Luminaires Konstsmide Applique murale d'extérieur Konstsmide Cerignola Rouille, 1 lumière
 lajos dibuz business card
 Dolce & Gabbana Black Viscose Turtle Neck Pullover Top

▸ To do
Return the full material unchanged.

▸ Solution to this exercise
Luminaires Konstsmide Applique murale d'extérieur Konstsmide Cerignola Rouille, 1 lumière
 lajos dibuz business card
 Dolce & Gabbana Black Viscose Turtle Neck Pullover Top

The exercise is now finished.